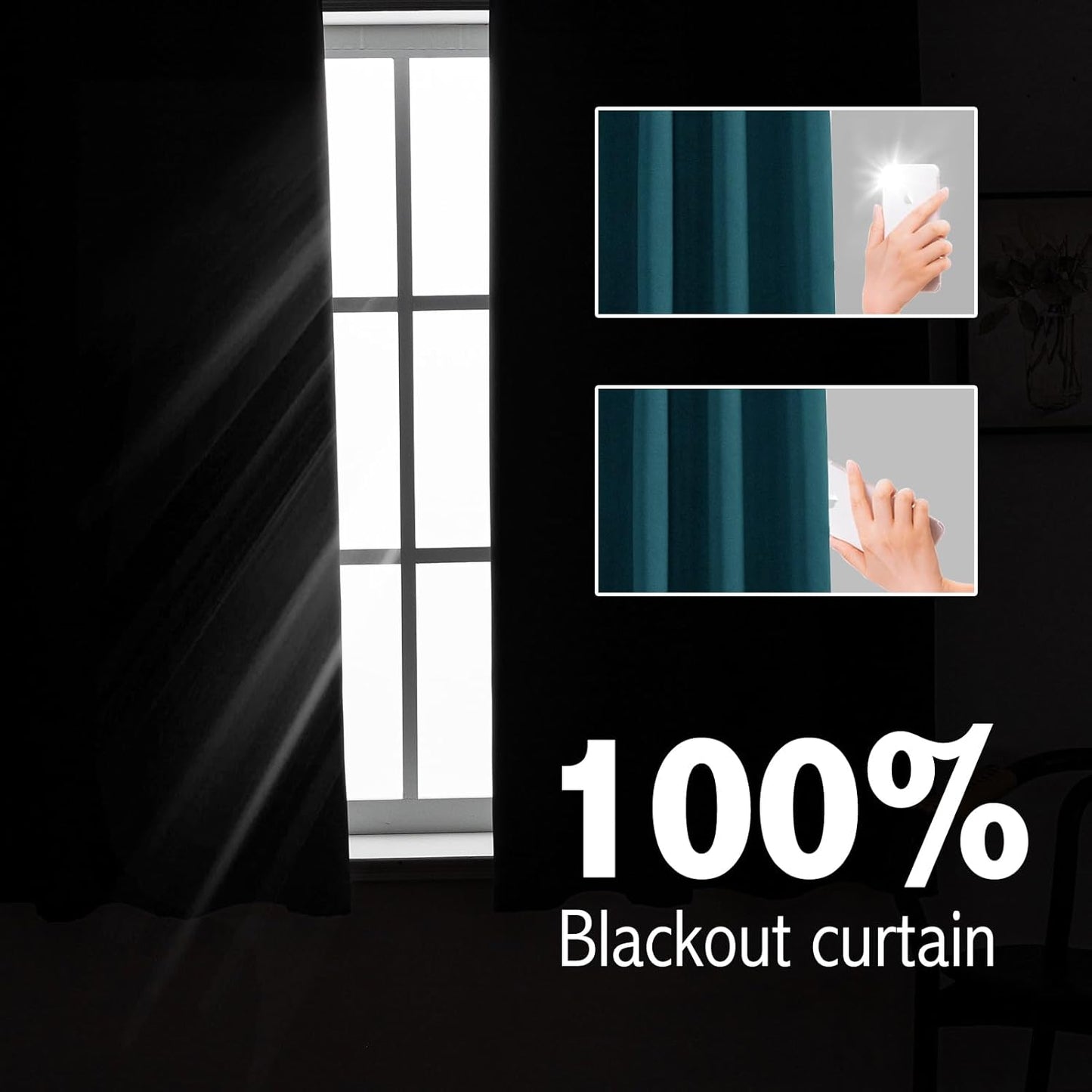 Anytime 100% Blackout Curtain Set, Thermal Insulated & Energy Efficiency Window Draperies for Guest Room, Full Shading Panels for Shift Worker and Light Sleepers（Greyish Blue, 2 Panels, 42W x 54L）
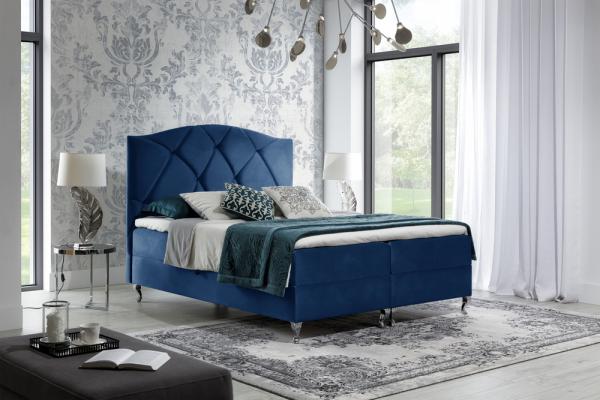 Stylefy 'Blanco' Boxspringbett Velours Dunkelblau 140 x 200 cm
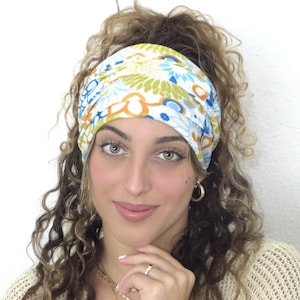 Boho Scrunchy Headband, Bohemian Wide Headband, Yoga Headband, Floral Headband, Bandana Headband, Women Turban, Hair Accessories, Hair Scarf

▸ Exercise
When you write out the material, keep every line exact and leave out each picture.

▸ Answer box
 Anytime 100% Blackout Curtain Set, Thermal Insulated & Energy Efficiency Window Draperies for Guest Room, Full Shading Panels for Shift Worker and Light Sleepers（Greyish Blue, 2 Panels, 42W x 54L）
 Stylefy 'Blanco' Boxspringbett Velours Dunkelblau 140 x 200 cm
 Boho Scrunchy Headband, Bohemian Wide Headband, Yoga Headband, Floral Headband, Bandana Headband, Women Turban, Hair Accessories, Hair Scarf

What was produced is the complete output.